Keywords

Lumbalgia, Bulging disc, Disc hernia, Homeopathy, Homotoxicology, Extrusion

Introduction

Low back pain (LBP) is one of the highest prevalence problems of public health. LBP affects up to 85% people worldwide. Somebody will be affected at less in one point of his life, approximately 15% of them turn on chronic [1]. LBP is considered as chronic if persists more than 12 weeks [2]. Development of chronic LBP is normally caused by somatic and physiological factors [3]. Somatic causes are considered: Psychosocial environment at work, psychological demand and control over the own work. As physiological factor, there is a strong association with disc degeneration, and in less frequency, are inflammatory, tumoral, metabolic and infectious factors [4]. The most common disc disorder is herniated or prolapsed intervertebral disc. In this case, the disc bulge o rupture (rather partially or totally) posteriorly or posterolateral and press on the nerve roots in the spinal canal.

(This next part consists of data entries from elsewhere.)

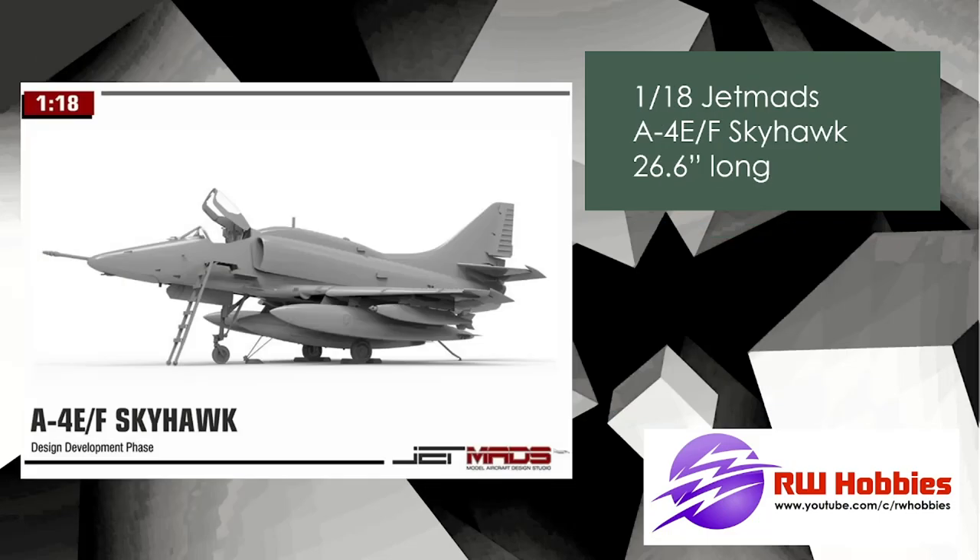Another one that caught my eye — talking about massive aircraft — we're now in 1/18 scale. That's right, 1/18 scale — Jetmans Skyhawk, 26.6 inches long. When I saw 1/18 scale Skyhawk I was thinking three or four feet, but it's obviously a small aircraft. It's a resin kit with 3D printed parts. Bear in mind they only produce about 500 of every kit, so get your pre-orders in early — if you wait six months to a year it'll be highly unlikely you'll find it again.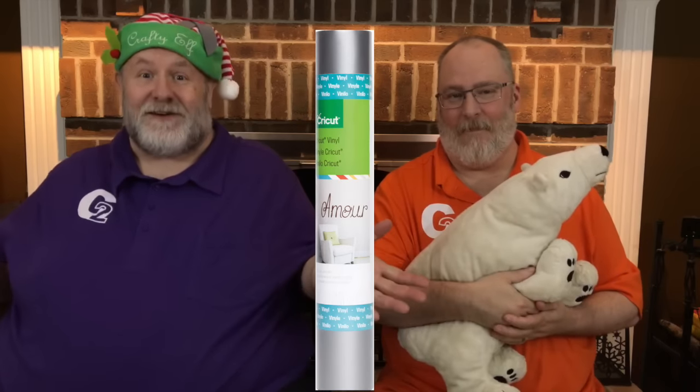Next, you get a whole roll of Cricket vinyl in silver. I get excited. You get a whole roll of Cricket silver vinyl. You could put all kinds of decorations up. You could decorate your refrigerator for Christmas, or your car, or your office, or your cube, or your walls. Anything.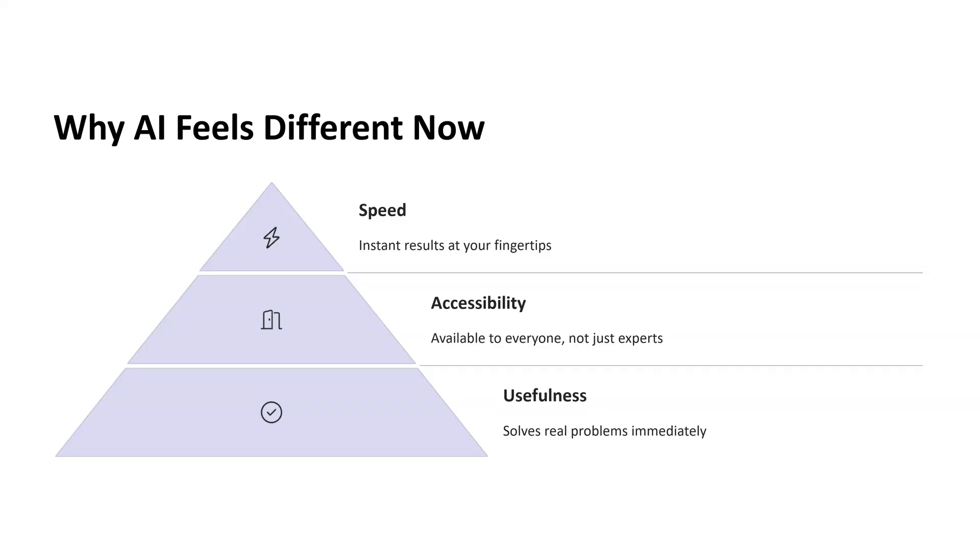People are using AI to write resumes, improve spreadsheets, generate product descriptions, learn new skills, and even plan family vacations. The results aren't perfect, but they are helpful, and in many cases they save time, reduce stress, and give people a head start. So why does AI feel different now? Because it's fast, because it's available to everyone, and because it actually helps. That's the combination that makes this moment in AI so powerful.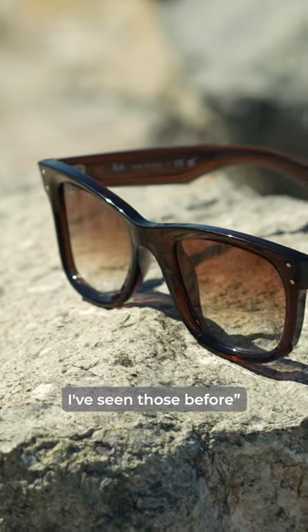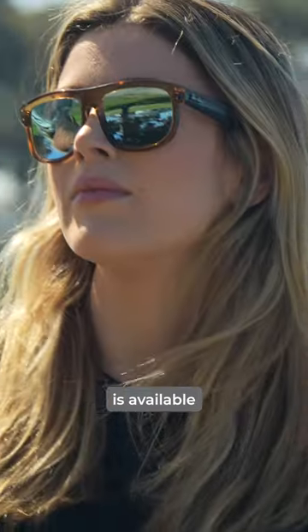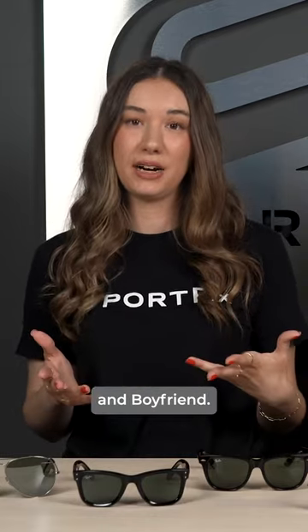So you might look at these frames here and think, hey, I've seen those before. That's because the Ray-Ban Reverse collection is available in some of Ray-Ban's most popular frame styles, including the Aviator, Wayfarer, Caravan, and Boyfriend.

Disc herniation is almost always a result of mechanical induced rupture [5]. Other studies have been demonstrated the presence of genetic factors as triggers to development of LBP [6]. Independently of its origin, LBP represent an enormous economic burden on society; its total cost includes: Direct medical costs, work absenteeism, insurance, lost production and disability benefits. Current treatments range from bed rest, physiotherapy, oral analgesic, muscle relaxants, injection of corticosteroids, local anesthetic, surgery [7], cell based therapies aiming repair a herniated intervertebral disc [8] and an emerging technique which use injectable hydrogels to restore disc height and function [9]. Without mention empirical treatments based only in anecdotal statements, which lack of scientific methodology. However, these techniques are tested in a pre-selected population with a high prior probability of treatment success. Nonetheless, these trials use a limited number of patients, leading to controversy and uncertainty about their effectivity. Thus, there is a need to test all treatment in a largest cohort [10].

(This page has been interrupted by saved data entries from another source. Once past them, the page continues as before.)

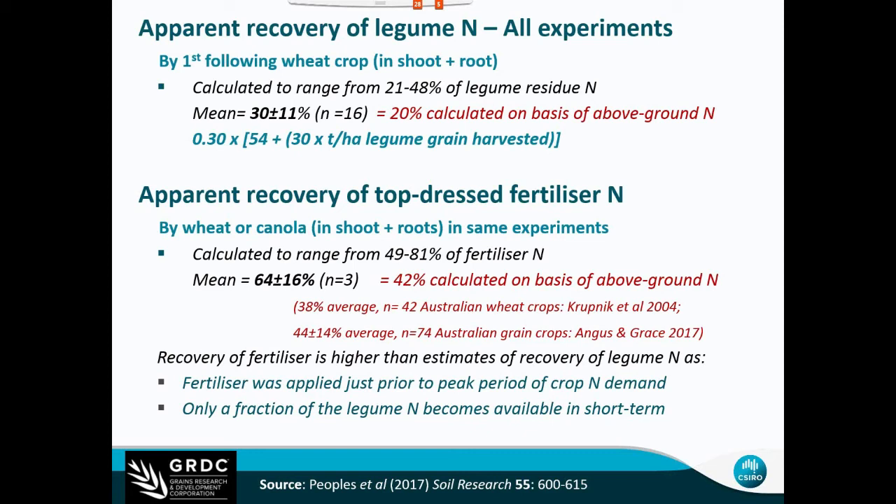The advantage of the legume is that it supports longer-term soil fertility. In our experiments, you can generally expect a measurable nitrogen benefit for at least the first two crops grown after a crop legume. If growing cereal crops after a legume-based pasture phase, you could probably expect at least three to four years of nitrogen benefit.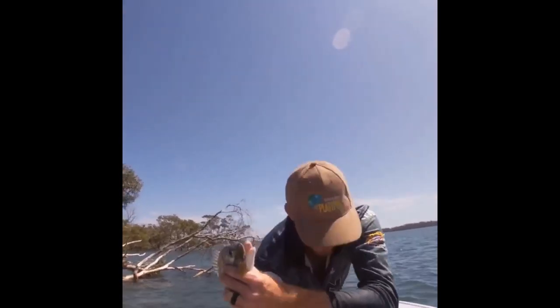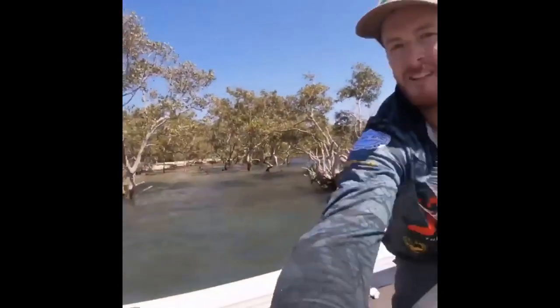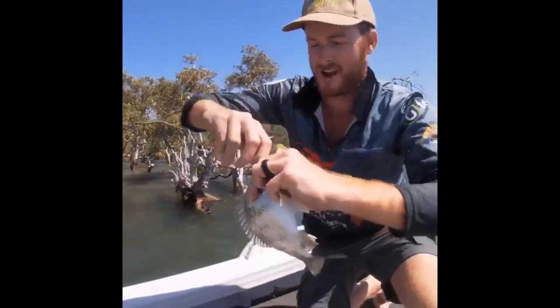Z-Man bugs — it's an awesome little session. These fish are in about a foot of water and they're just racing out and smashing the bugs.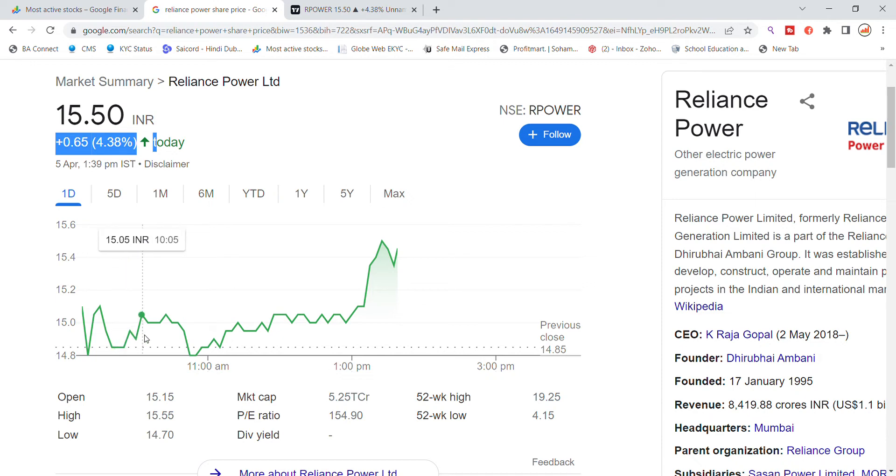After the previous closing support, we saw a bounce back. The stock opened at 15.15, with a low of 14.70, and today's high is at 15.55. This movement was supported by the previous closing level.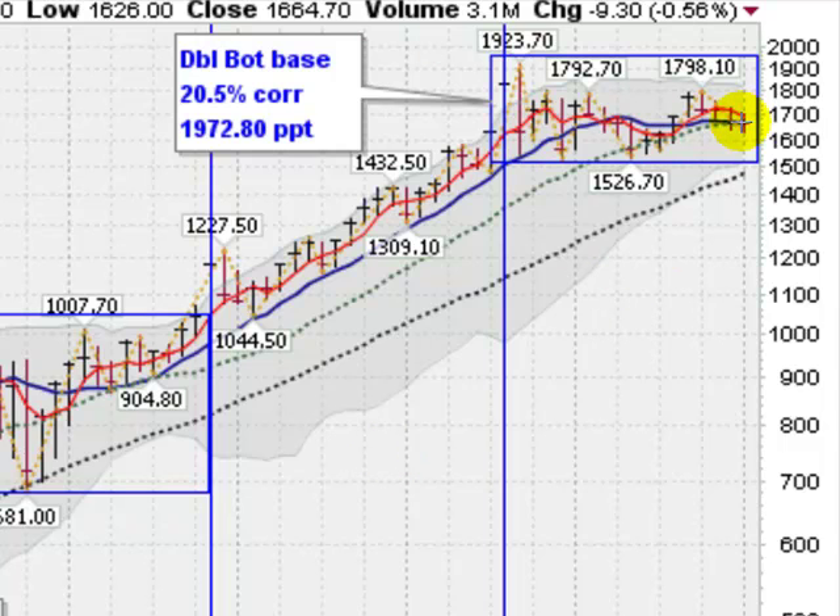There are no guarantees in anything, but there are certainly some positive signs here in gold looking at the monthly chart. So let's look for a breakout above $1,798.10 — that would be a very bullish sign. Thanks for listening.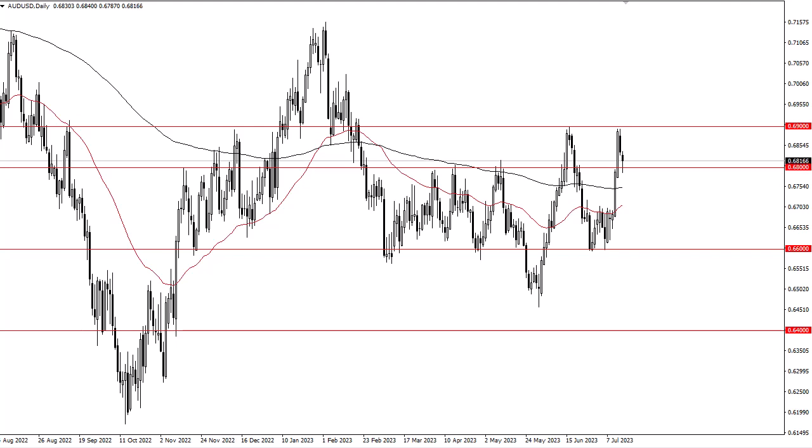From FXEmpire, this is Chris taking a look at the Aussie dollar. You can see the Aussie dollar has turned around — it initially started to fall pretty significantly during the day, but it did turn around and bounce from the 68 level, showing that perhaps we have further to go to the upside.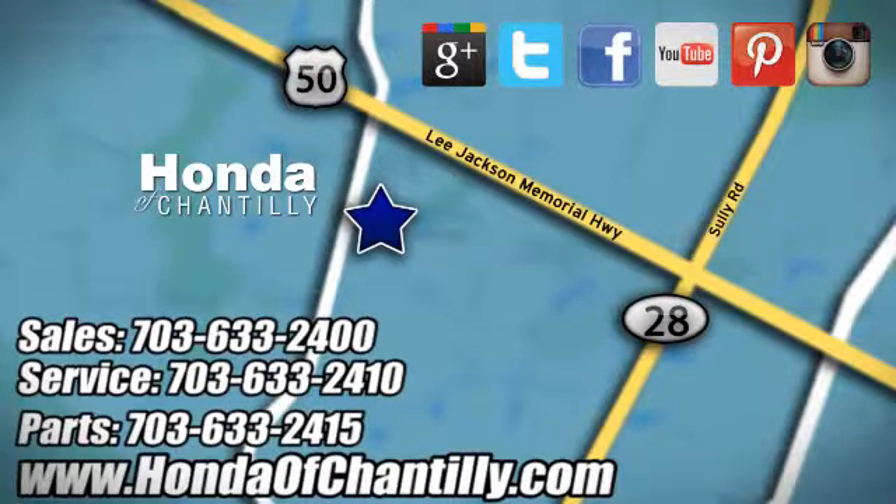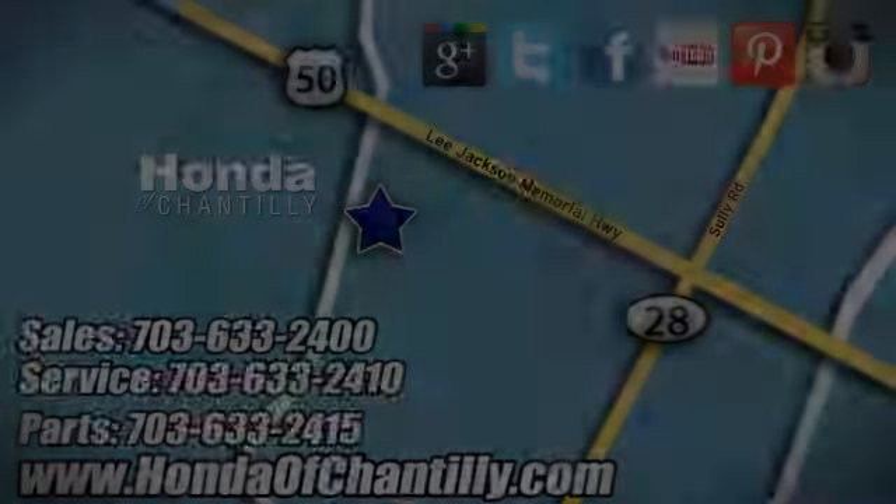Honda of Chantilly. We're conveniently located just south of Dulles Airport at 4175 Stonecroft Boulevard in Chantilly.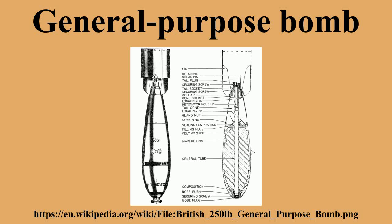Modern British GP bombs: The British describe general-purpose bombs as medium-capacity bombs. The principal modern British bombs are the £540 and £1,000, with a wide variety of fin, fuse, and retarder options. The £1,000 MC was developed from 1942 to replace the existing £1,000 GP bomb.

The Spine Center, at Guadalajara Mexico has developed a method which combines conventional medicine, complementary medicine, physiotherapy and homotoxicology to treat patients with LBP. The aim of this study was show treatment methodology, its accuracy and health satisfaction in patients who developed LBP.

Methods

Patients

This is a retrospective observational study. All the interventions are standard procedures applied in typical physiotherapy sessions; thus, no institutional or ethical review board approval is required in Mexico. Patients with LBP who attended consultation at the Spine Center in Guadalajara, Mexico, from July 25, 2007 to September 1, 2016 were included in the study. Personal data, age, size, weight and clinical story were recovered. Patients with spine surgery, disc prosthesis, diabetes, neoplasia, or any other reported sickness were not included.

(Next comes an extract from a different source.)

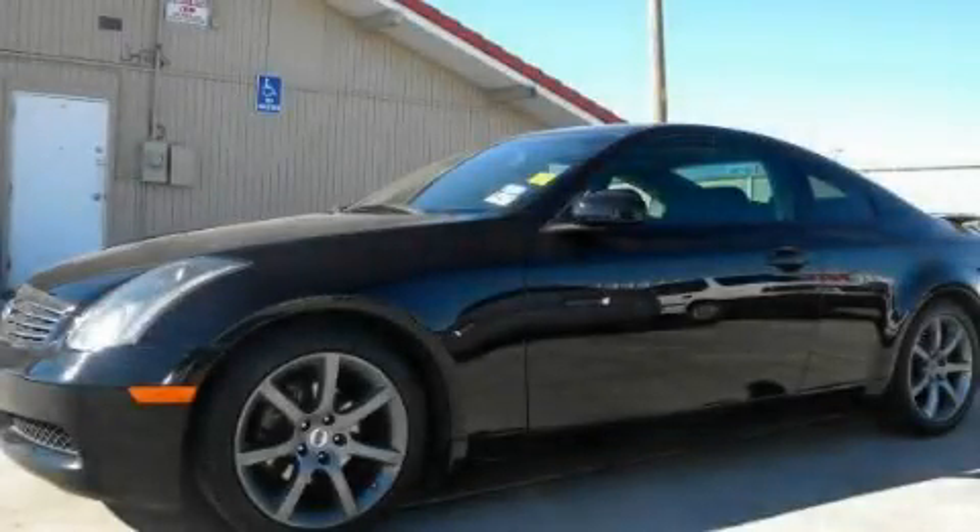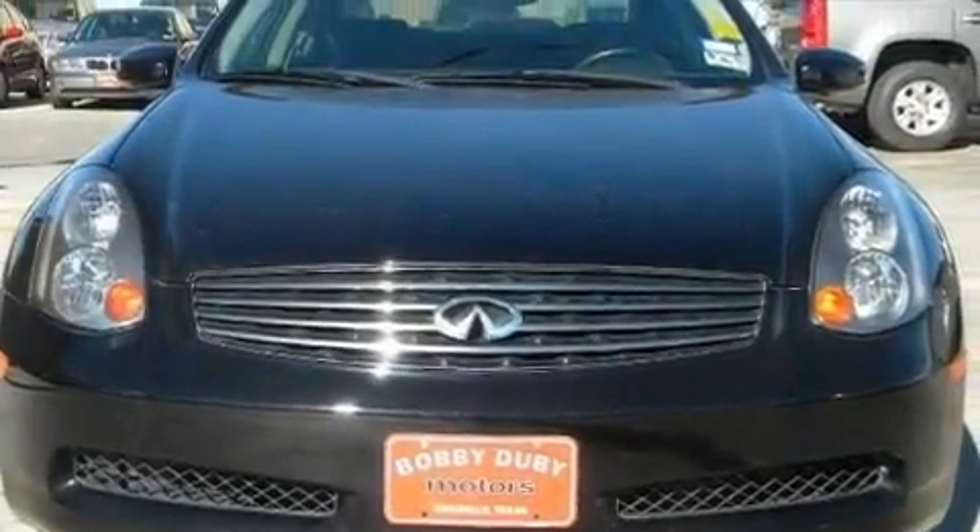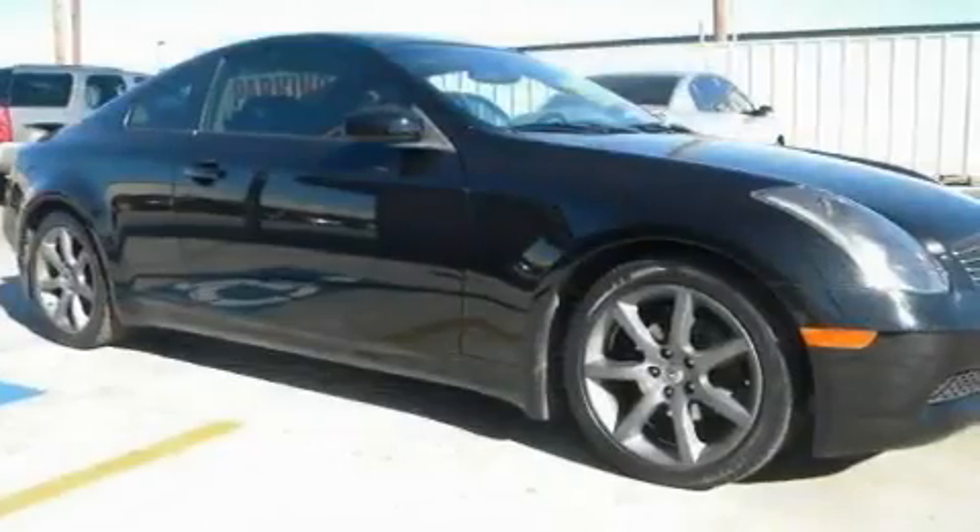This is a 2004 Infiniti G35 — luxury and performance. It has a 3.5-liter six-cylinder engine and an automatic transmission.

Pain intensity was measured by visual analogic scale (VAS) from 0 (no pain) to 10 (worst pain) [11]. Two VAS were registered for statistical analysis propose; first at the beginning without any treatment (VAS input) and the second after treatment (VAS output). Treatment was considered successful if VAS input - VAS output ≥ 4 (ΔVAS ≥ 4), was constant over 12 weeks [12].

Body mass index (BMI) was estimated with the formula BMI = weight/height² then patients were classified as follow: Severe thinness (< 16.00); moderate thinness (16.00-16.99); light thinness (17.00-18.48); normal (18.50-24.99); pre-obesus (25.00-29.99); mild obesity (30.00-34.99); average obesity (35.00-39.99) and morbid obesity (> 40.00) [13].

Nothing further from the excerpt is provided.